If companies follow all the guidelines, your boss could make it compulsory for you to get jab against Covid-19
IF COMPANIES follow all the guidelines, your boss could make it mandatory for you to get vaccinated against Covid-19.
The legal pathway has been created for employers to make it mandatory for staff to be vaccinated before returning to the workplace on a full-time basis.
The recent announcement that more than a million South Africans in the age bracket of 35-49 had registered to receive the Covid-19 vaccine could see them returning to the workplace on a full-time basis.
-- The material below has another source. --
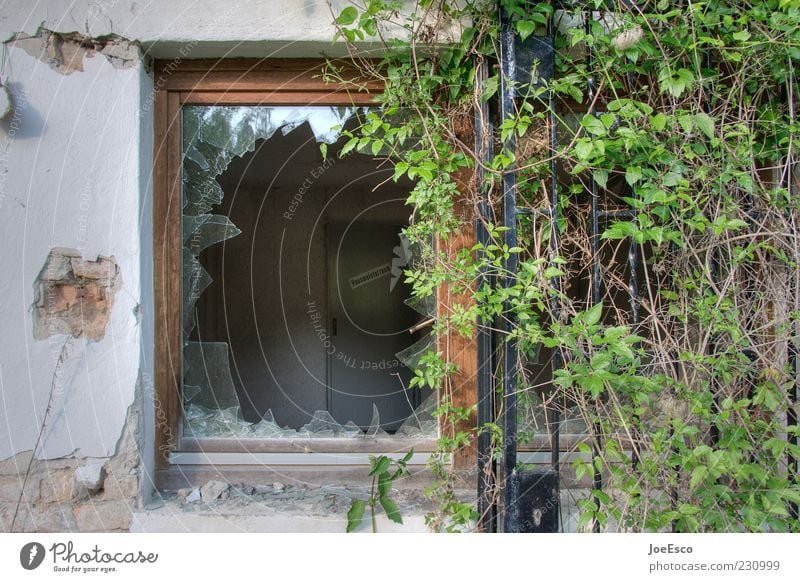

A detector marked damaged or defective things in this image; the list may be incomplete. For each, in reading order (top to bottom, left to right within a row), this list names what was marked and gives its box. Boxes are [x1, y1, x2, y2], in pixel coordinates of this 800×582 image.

peeling plaster [7, 28, 139, 75]
broken window [180, 106, 438, 442]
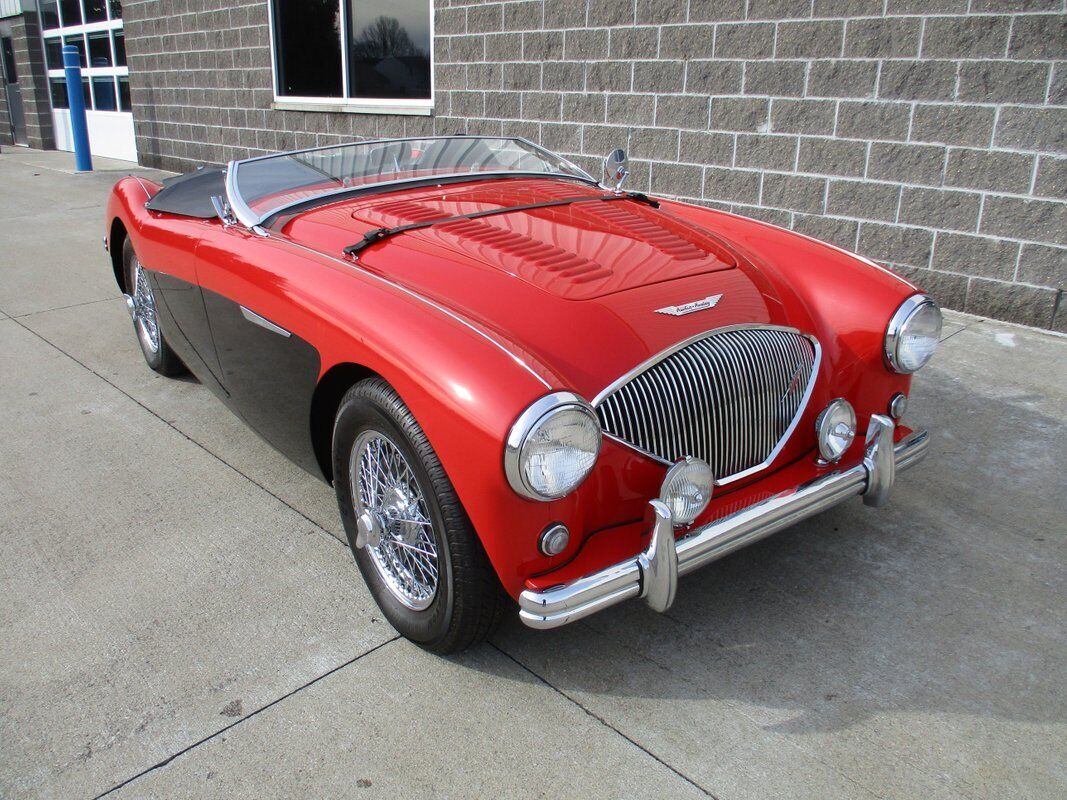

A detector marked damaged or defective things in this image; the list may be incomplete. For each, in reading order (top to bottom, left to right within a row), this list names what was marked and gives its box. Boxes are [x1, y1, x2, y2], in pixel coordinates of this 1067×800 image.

The Department of Employment and Labour has set out guidelines that serve as a directive for employers. Getting vaccinated remains voluntary, but if an employer does a risk assessment at the office, staff could be forced to get the jab.
Minister of Employment and Labour Thulas Nxesi said these new directives were crucial for staff and bosses: “What is critical is that we need to balance the needs and to take the dictates of collective bargaining and the need to keep employees healthy and businesses running. The Labour Relations Act emphasises the primacy of collective agreements. These guidelines are not intended as a substitute for collective agreements or agreed procedures between employers, their employer organisations and trade unions.”
A woman who works in the tourism industry said she was anxious as her bosses were yet to confirm their policy on the vaccine. But she said vaccines could be mandatory at their business. Choosing to remain anonymous, she said: “My job is not on the front line and I am not really in contact with people and so I don’t see why a vaccination has to be mandatory for someone like me who works behind the scenes.”
She added: “I had a casual chat with our general manager and he said he has the power to say ‘yes’ or ‘no’ and ‘I have the right to make it mandatory’ and then I asked what if we don’t get vaccinated and the response was ‘then you probably won’t have a job’.”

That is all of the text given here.